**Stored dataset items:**
____
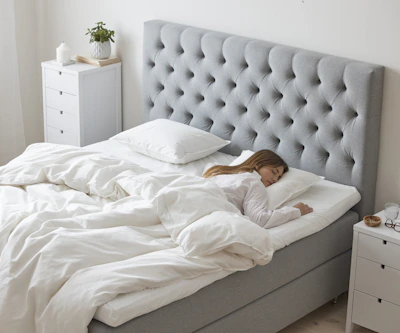 Kvinna med sovställning på mage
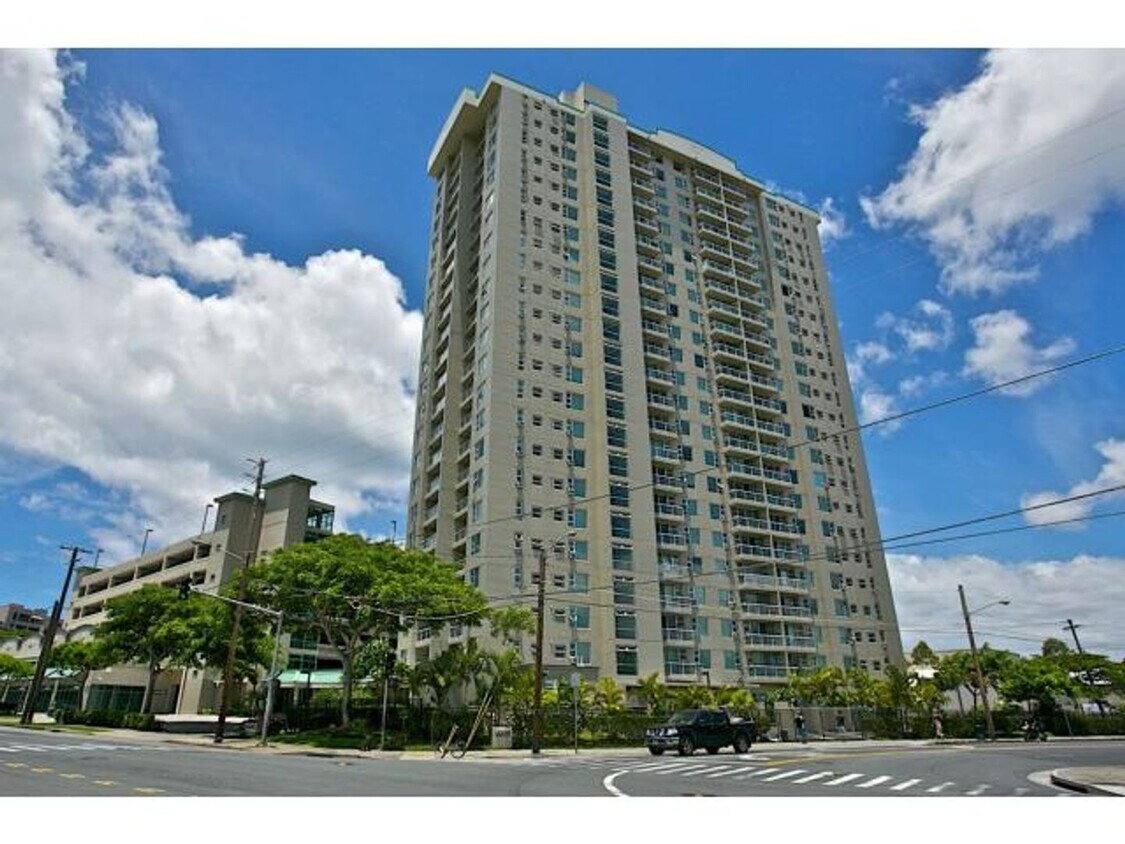 Primary Photo - For Rent - 215 North King St. #2205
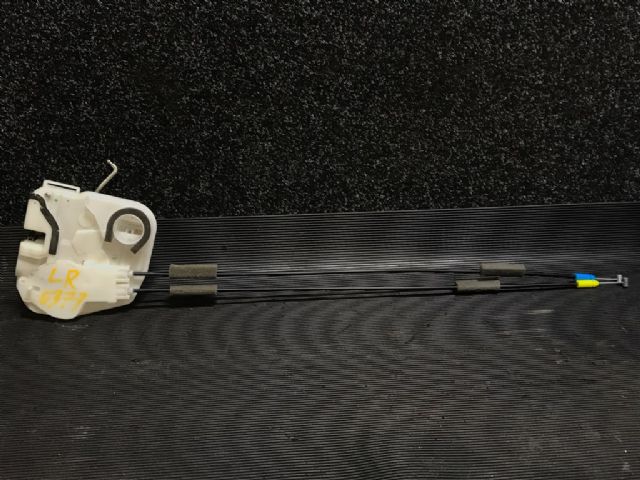 Lr Door Lock Mechanism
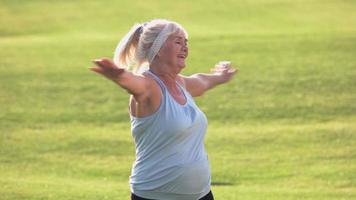 äldre kvinna gör övning. video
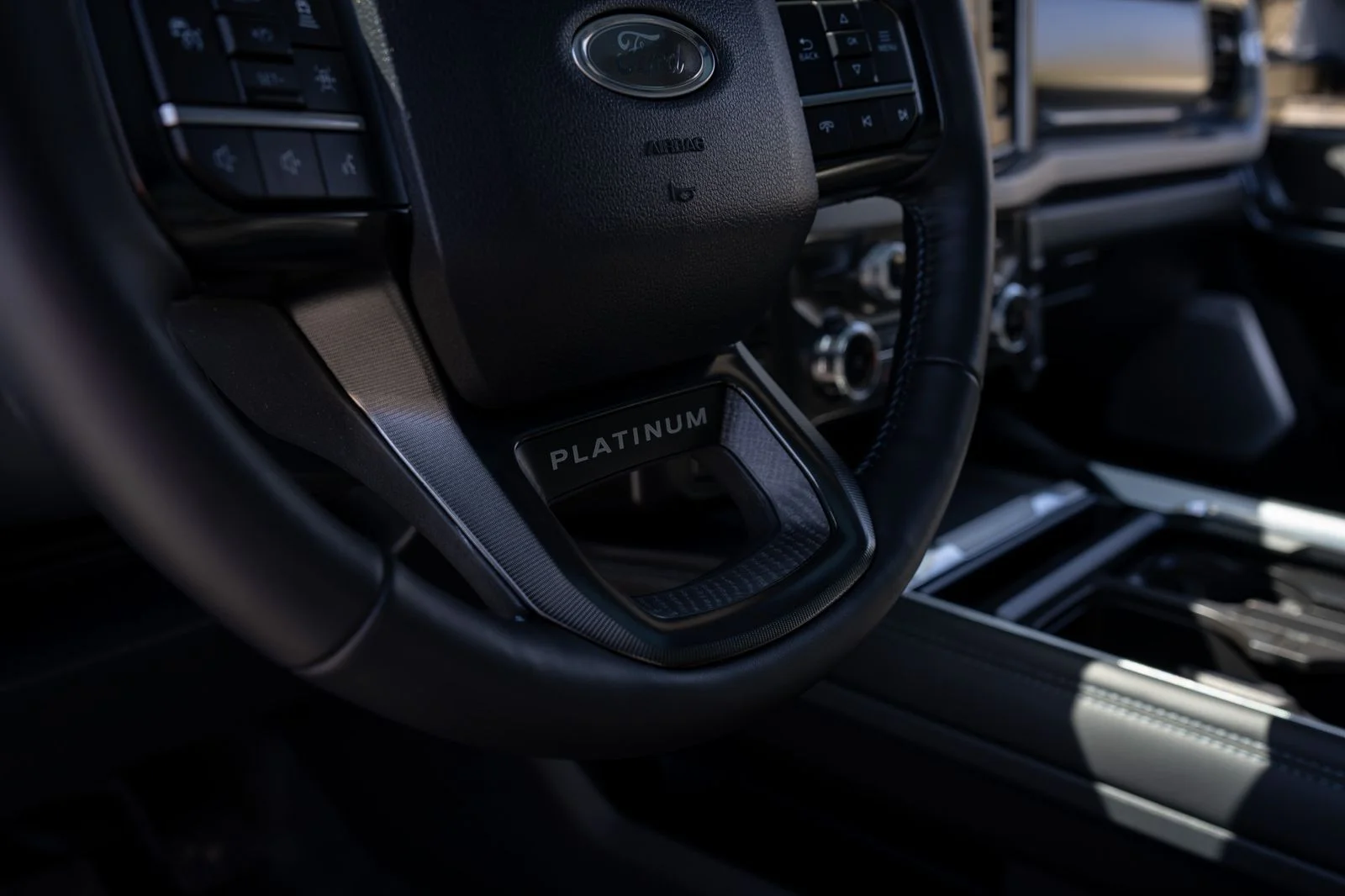 2025 Ford F-450 Super Duty Platinum - Photo 23
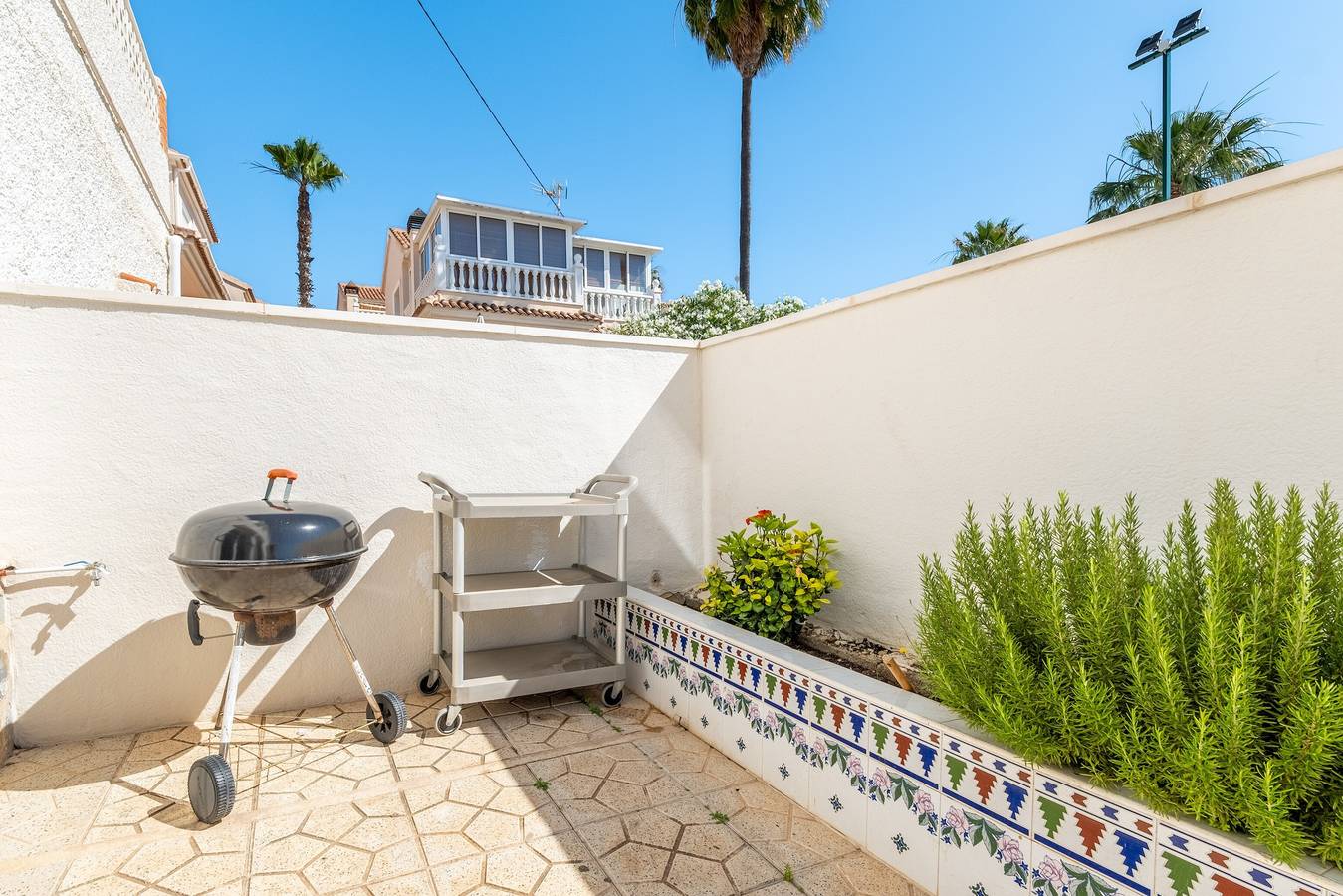 Apartamento 'Las Calas Deluxe B' con piscina compartida, terraza privada y Wi-Fi in Las Calas, Torrevieja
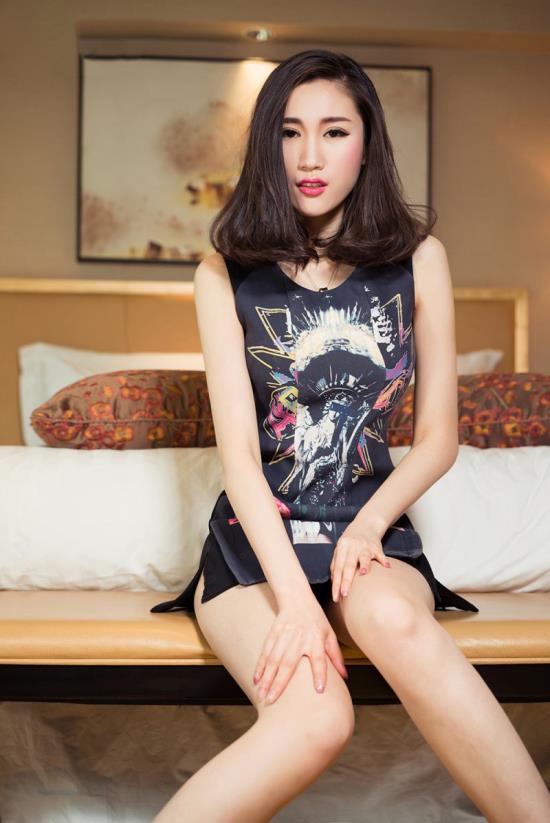 裸体美女敞开：O0后裸体美女 裸体美女zp(点击浏览下一张趣图)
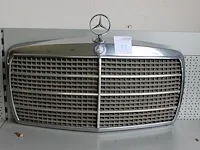 Grill mercedes benz 123. afmeting inclusief ster ca. 74 x 46 cm - afbeelding 1 van  1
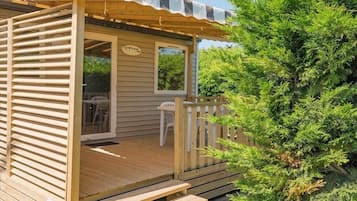 Romantic Mobile Home | Terrace/patio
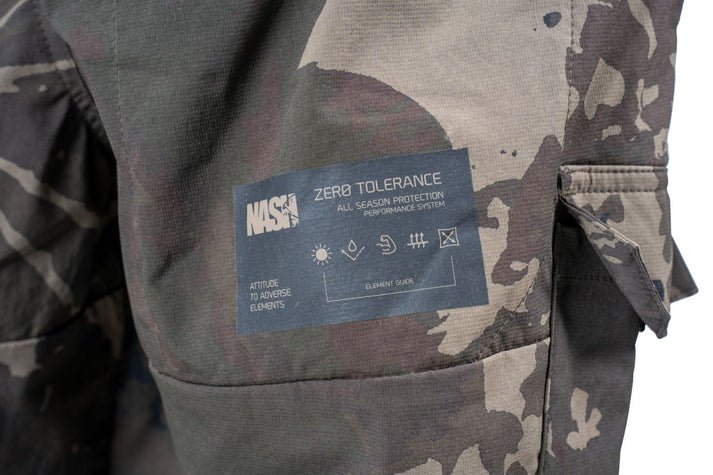 Pantalón Nash ZT Lite Hydra Flex Combats Camo - Tienda Carpfishing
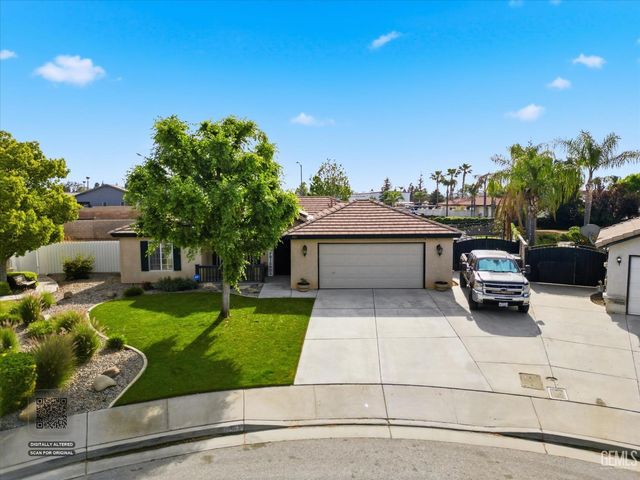 503 Meadow Grove Court, Bakersfield, CA 93308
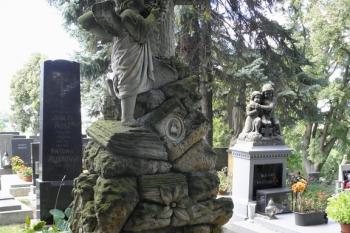 Náhrobek na hřbitově (© doxa , 09/2011)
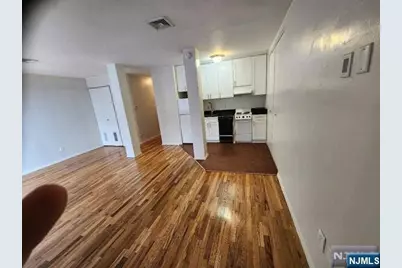 840 River 106 #106, Edgewater, NJ 07020 - Photo 3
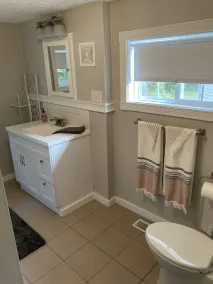 Best of Both Worlds! 5th Avenue Beach and Downtown Within Walking Distance!! - Image 5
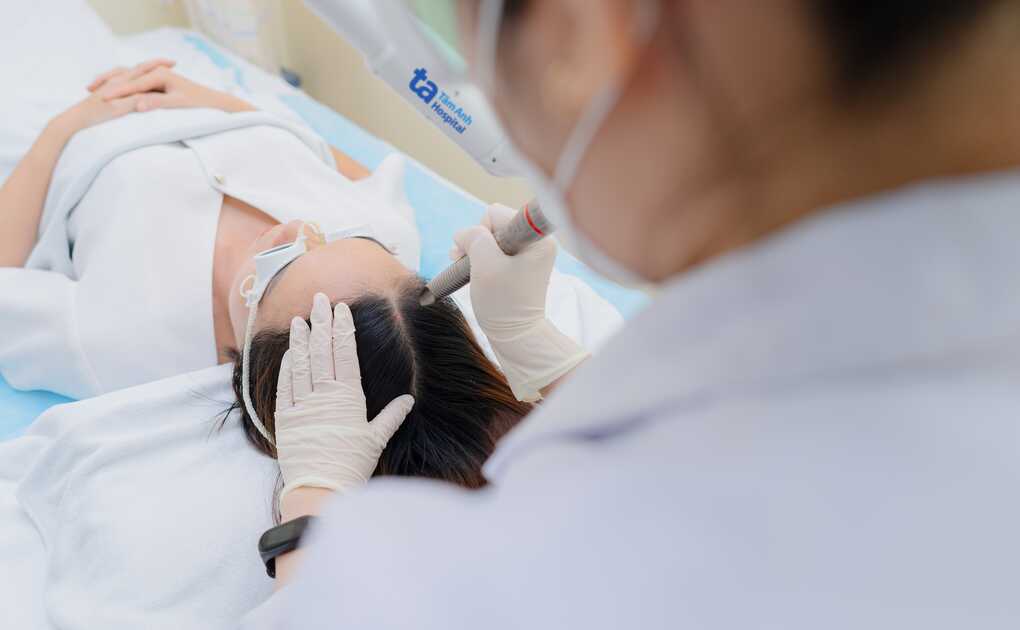Hói trán kiểu `bò liếm` điều trị thế nào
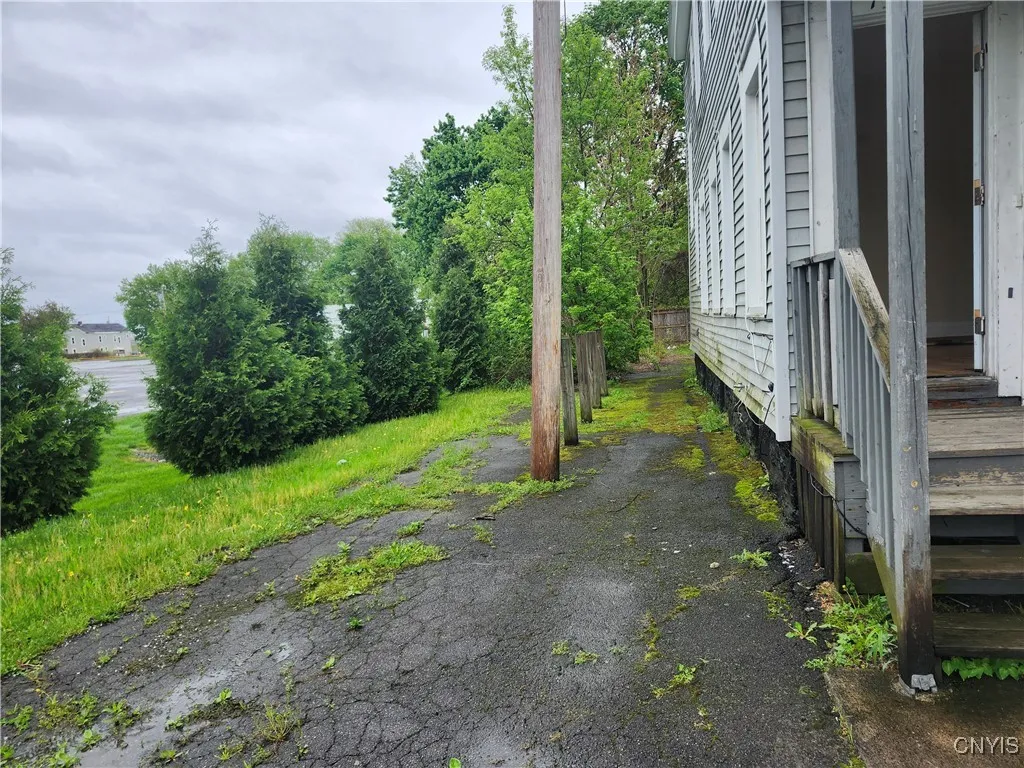 705 South Avenue, Syracuse, New York 13207, Syracuse, New York 13207, 6 Bedrooms Bedrooms, ,2 BathroomsBathrooms,Residential,Closed,705 South Avenue, Syracuse, New York 13207,0,S1606990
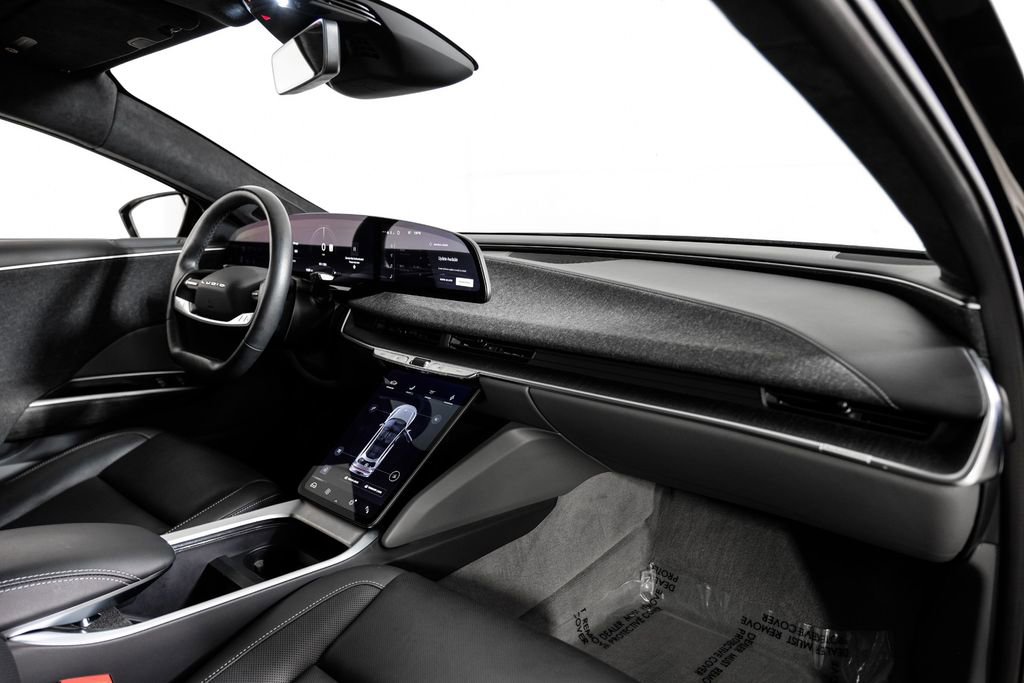 Used 2024 Lucid Air Pure image 9
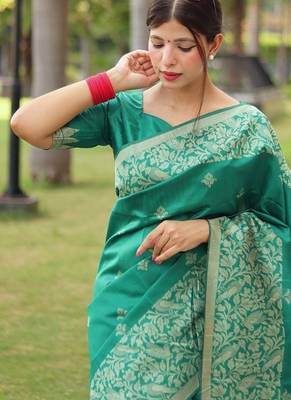 Sea green color banglori handloom  silk blend waving buttis saree 3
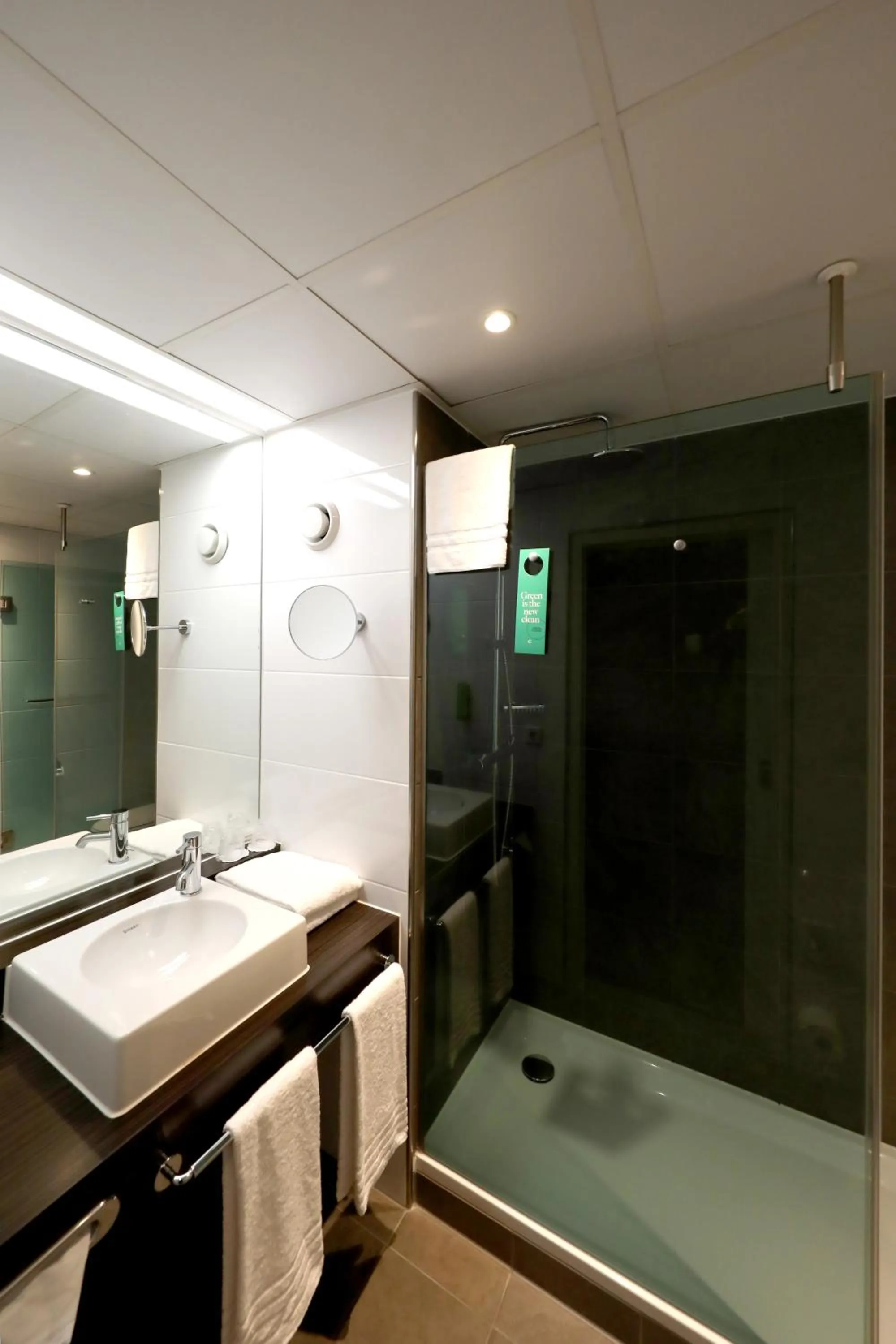 Shower in Golden Tulip Ampt van Nijkerk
____
**AIM OF THE TASK:** The expected answer is the data retyped exactly, without pictures.

**RESPONSE:**
 Kvinna med sovställning på mage
 Primary Photo - For Rent - 215 North King St. #2205
 Lr Door Lock Mechanism
 äldre kvinna gör övning. video
 2025 Ford F-450 Super Duty Platinum - Photo 23
 Apartamento 'Las Calas Deluxe B' con piscina compartida, terraza privada y Wi-Fi in Las Calas, Torrevieja
 裸体美女敞开：O0后裸体美女 裸体美女zp(点击浏览下一张趣图)
 Grill mercedes benz 123. afmeting inclusief ster ca. 74 x 46 cm - afbeelding 1 van  1
 Romantic Mobile Home | Terrace/patio
 Pantalón Nash ZT Lite Hydra Flex Combats Camo - Tienda Carpfishing
 503 Meadow Grove Court, Bakersfield, CA 93308
 Náhrobek na hřbitově (© doxa , 09/2011)
 840 River 106 #106, Edgewater, NJ 07020 - Photo 3
 Best of Both Worlds! 5th Avenue Beach and Downtown Within Walking Distance!! - Image 5
Hói trán kiểu `bò liếm` điều trị thế nào
 705 South Avenue, Syracuse, New York 13207, Syracuse, New York 13207, 6 Bedrooms Bedrooms, ,2 BathroomsBathrooms,Residential,Closed,705 South Avenue, Syracuse, New York 13207,0,S1606990
 Used 2024 Lucid Air Pure image 9
 Sea green color banglori handloom  silk blend waving buttis saree 3
 Shower in Golden Tulip Ampt van Nijkerk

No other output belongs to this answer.